──────── Materials provided

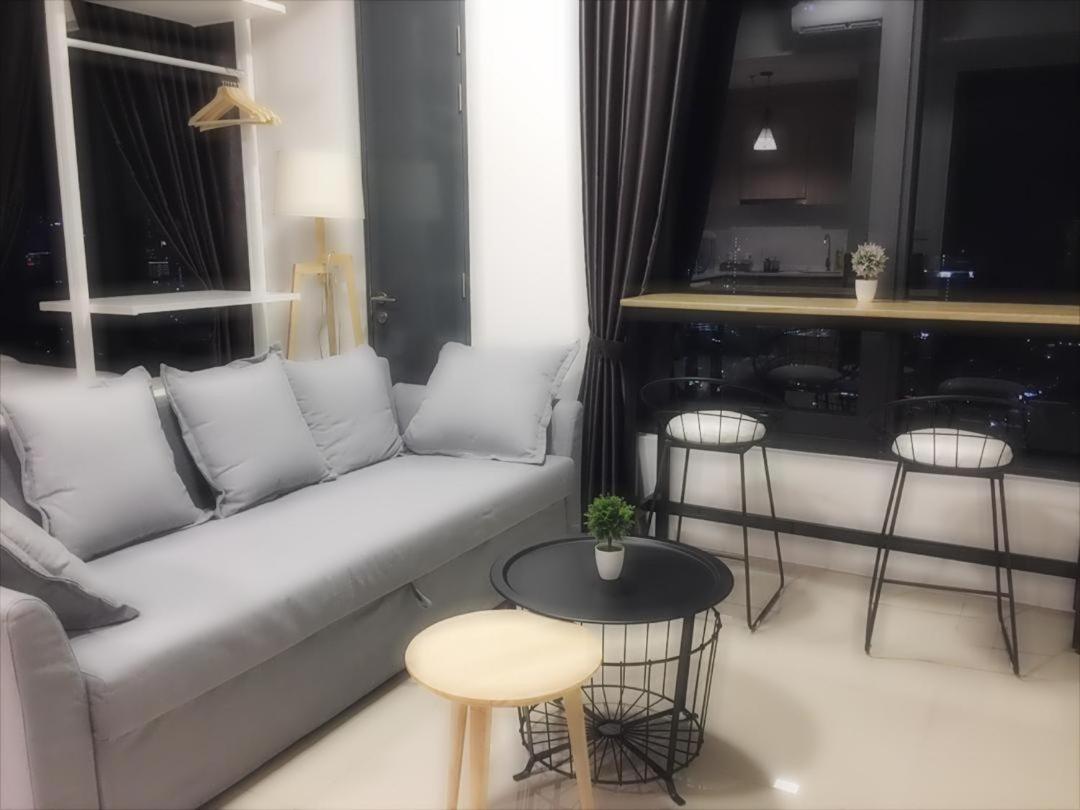 35m² studio Appartement, met 1 privé badkamer in Georgetown Buitenkant foto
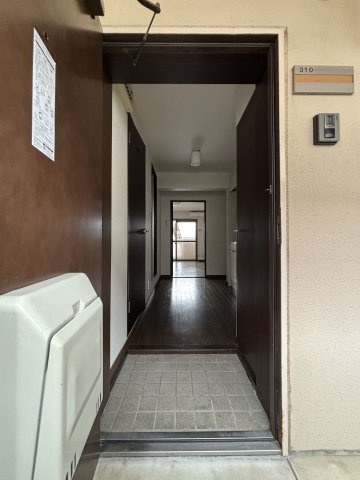 ハーモニー旗ヶ崎の設備|イメージ210号室の写真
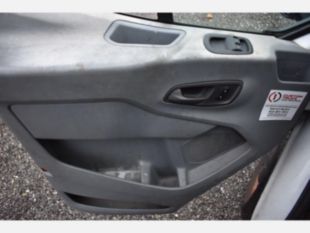 2015 Ford T-350 Passenger Van with Cargo Area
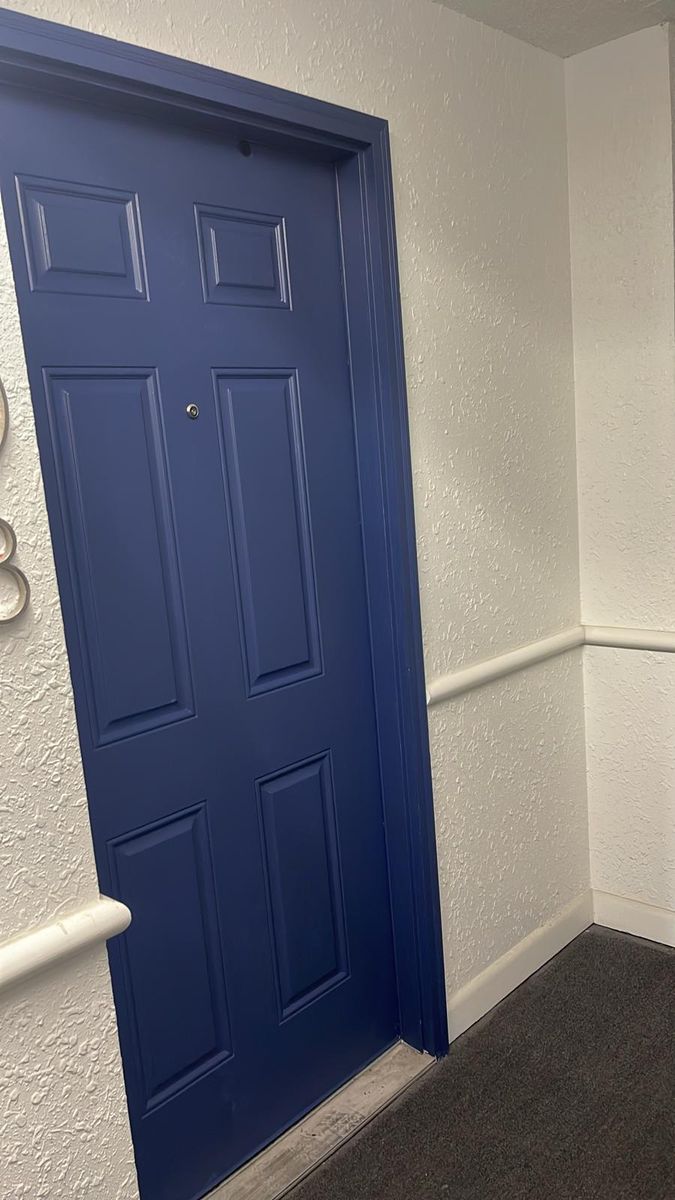 Painting for A&D Reliable Construction in Kansas City, MO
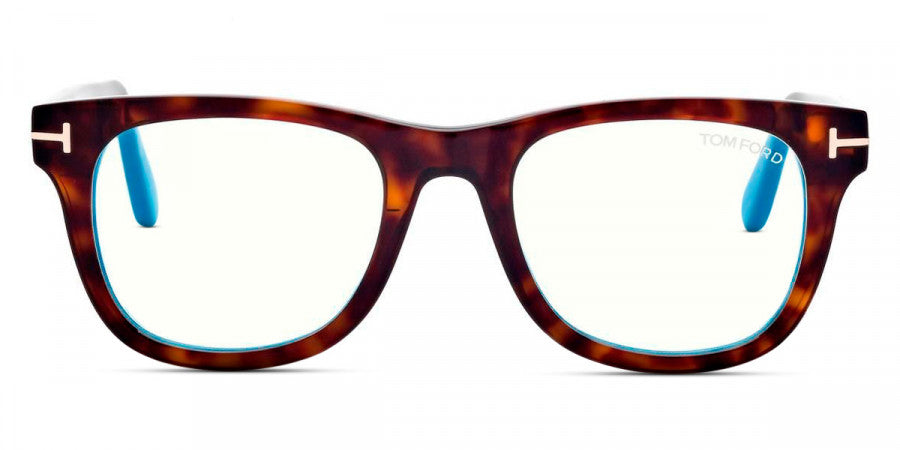 TOMFORD EYEGLASSES - FT5820-B 52 50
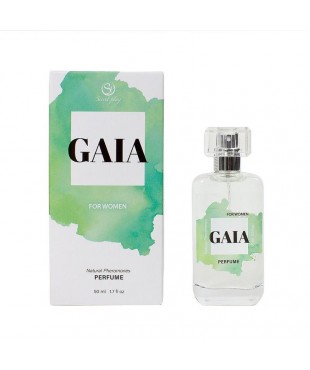 Gaia Perfume Natural con Feromonas 50 ml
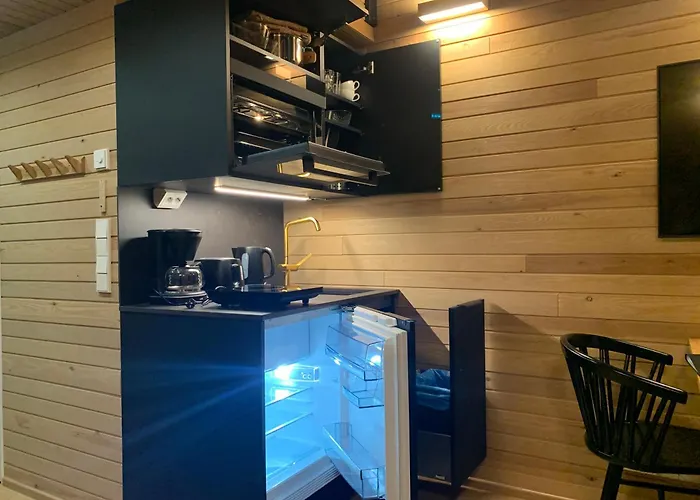 Сasa de vacaciones Auroras Poelloe *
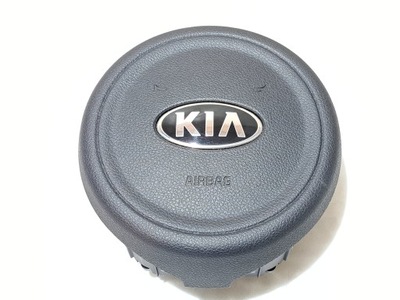 Kia sportage iv подушка водителя оригинал фото №1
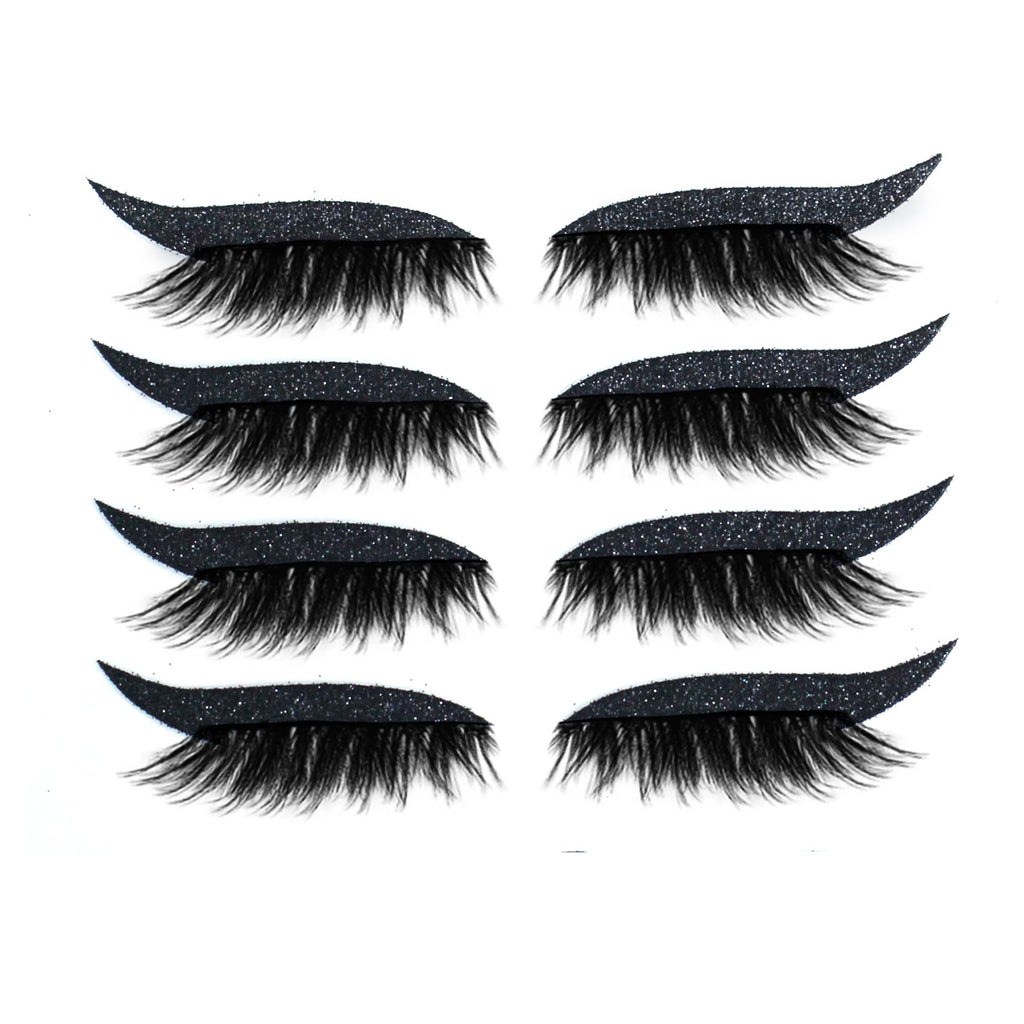 NoirAura | Unleash Effortless, All-Day Magnetic Cat Eyes That Command Attention | livraina
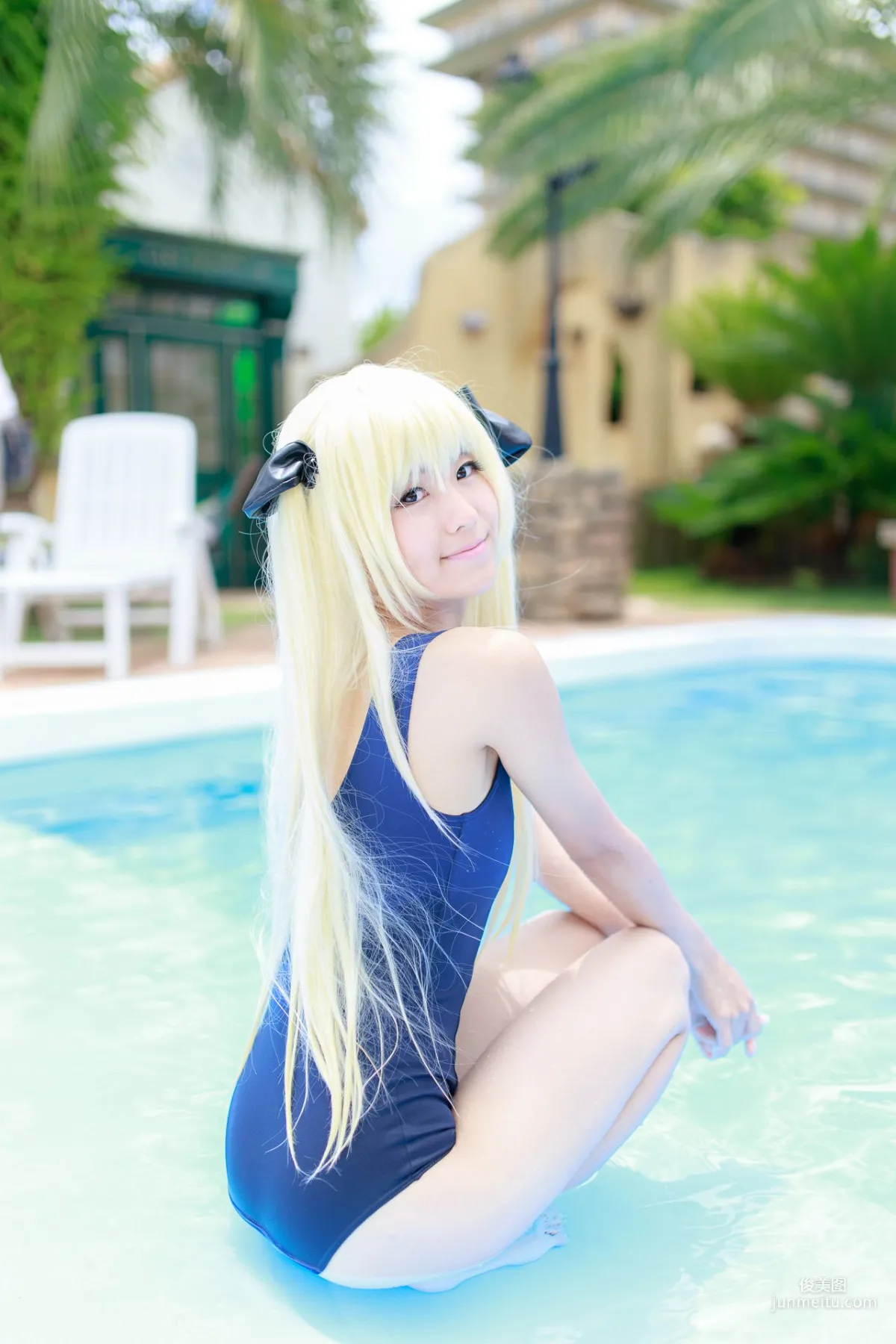 Nagisa [Nagisa nagi] MK-02《To LOVEる》Konjiki no Yami 写真集90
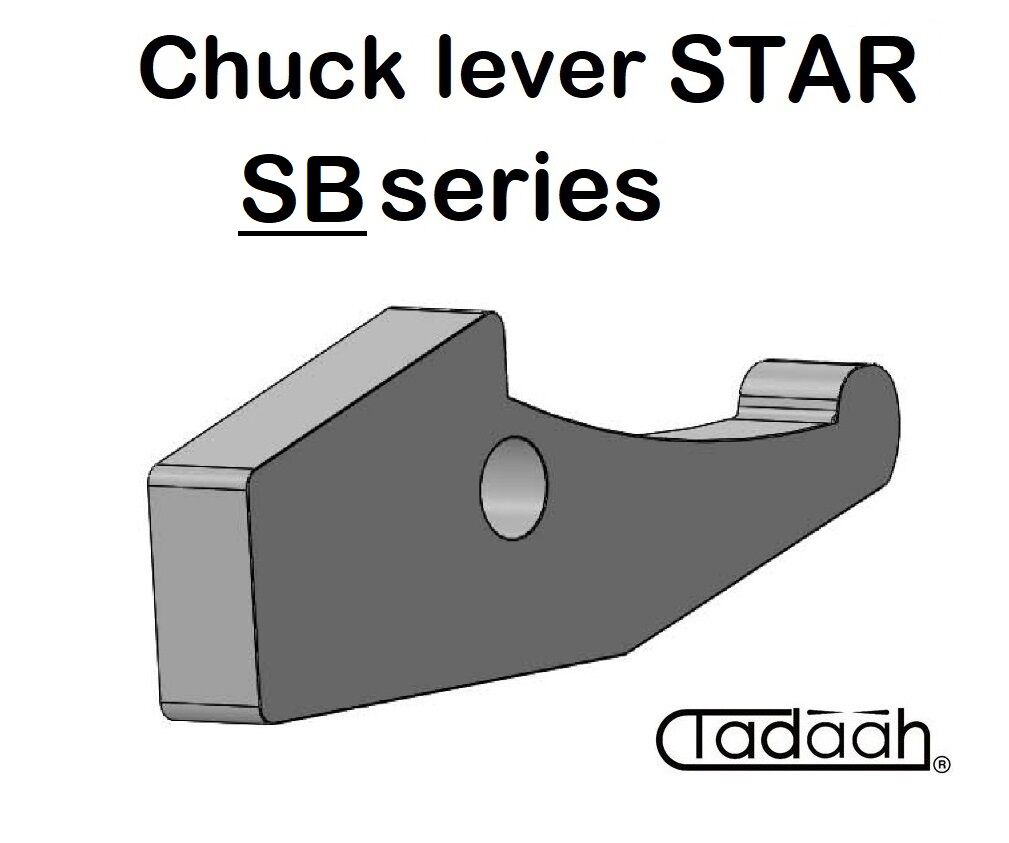 Nasello per tornio CNC  STAR modello serie SB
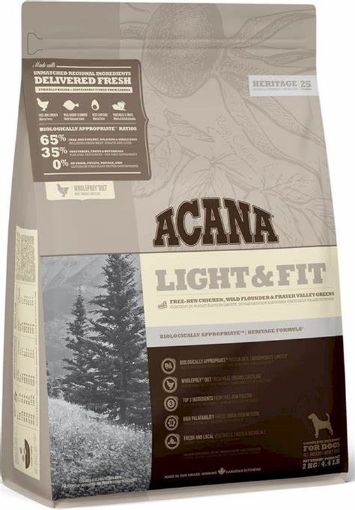 Picture of ACANA LIGHT & FIT 2KG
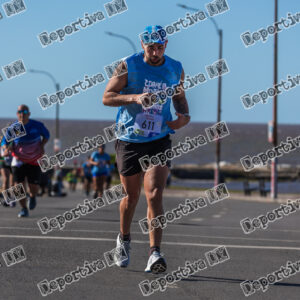 Corre Montevideo 611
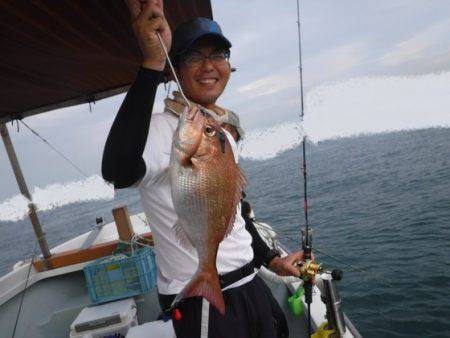 遊漁船 幸友丸 釣果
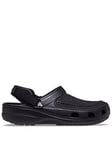 Crocs Men's Yukon Vista Ii Clog Sandal - Black, Black, Size 6, Men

────────────────

**Work request**
Retype the data word for word and keep the pictures out of it.

**Output of the exercise**
 35m² studio Appartement, met 1 privé badkamer in Georgetown Buitenkant foto
 ハーモニー旗ヶ崎の設備|イメージ210号室の写真
 2015 Ford T-350 Passenger Van with Cargo Area
 Painting for A&D Reliable Construction in Kansas City, MO
 TOMFORD EYEGLASSES - FT5820-B 52 50
 Gaia Perfume Natural con Feromonas 50 ml
 Сasa de vacaciones Auroras Poelloe *
 Kia sportage iv подушка водителя оригинал фото №1
 NoirAura | Unleash Effortless, All-Day Magnetic Cat Eyes That Command Attention | livraina
 Nagisa [Nagisa nagi] MK-02《To LOVEる》Konjiki no Yami 写真集90
 Nasello per tornio CNC  STAR modello serie SB
 Picture of ACANA LIGHT & FIT 2KG
 Corre Montevideo 611
 遊漁船 幸友丸 釣果
 Crocs Men's Yukon Vista Ii Clog Sandal - Black, Black, Size 6, Men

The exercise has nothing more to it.